Donald Cahill’s March 13 letter regarding climate change and sea-level rise is full of errors, misconceptions and poor science — not to mention a cavalier dismissal of future catastrophic impacts that we are headed toward, if we don’t reduce our carbon emissions and halt global warming.
Mr. Cahill is wrong. Average global sea levels have risen about 9 inches since the Industrial Revolution. This is due to melting ice on the land (Greenland, Antarctica, and nearly every glacier in the world). Ice melts and the water runs into the ocean. The water is also warmer, so it expands (thermal expansion). Mr. Cahill should also note that nearly every coastal location in the world is, in fact, suffering a great deal.

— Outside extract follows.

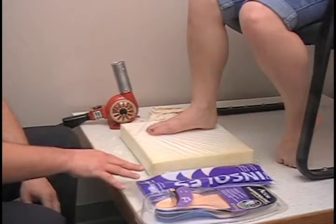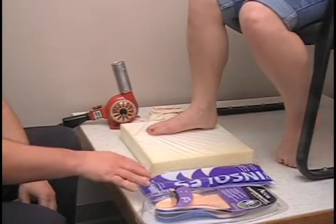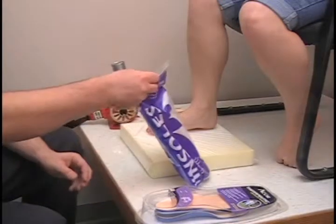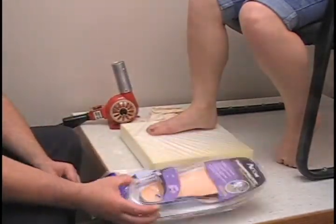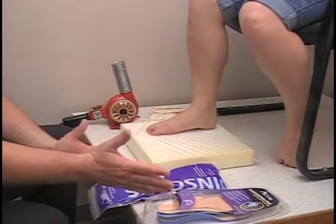For this segment we are going to be heat molding foot orthotics. We are going to do two different types: a diabetic type foot orthosis, and then a more walking type foot orthosis. For this you are going to need your orthotic mold.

New Jersey (and Maryland) fair especially poorly, because our coastal land is also subsiding — by about 4 to 5 inches in the last century. Therefore, the Mid-Atlantic region has had at least a 12-inch rise in sea level since the Industrial Revolution. This is causing significant havoc to our coastal infrastructure.
Mr. Cahill is correct that the climate on Earth has changed many times. But this is the first time we’re causing it and it’s the first time we care and it’s the first time we’re suffering. We can’t just pick up our towns and cities and move away from rising seas!
Mr. Cahill is also wrong — controlling climate change is absolutely possible. We understand the science and we know how to solve it (become carbon neutral!). The urgency of the problem can not be overstated. It is the greatest crisis mankind has ever faced. The sooner most of us recognize this, the sooner we can demand that our elected officials act to mitigate climate change. We have spectacularly failed to act for decades, we now face an even more pressing crisis that will cost even more money and be even more difficult to implement. It will not be easy, but this should not deter us. We must find the will to act.
I recommend any number of U.S. agencies where Mr. Cahill can find the data to better understand this information — the DOD, DOC, DOT, DOE, DOI, HHS, NOAA, NASA, and the EPA, just to name a few.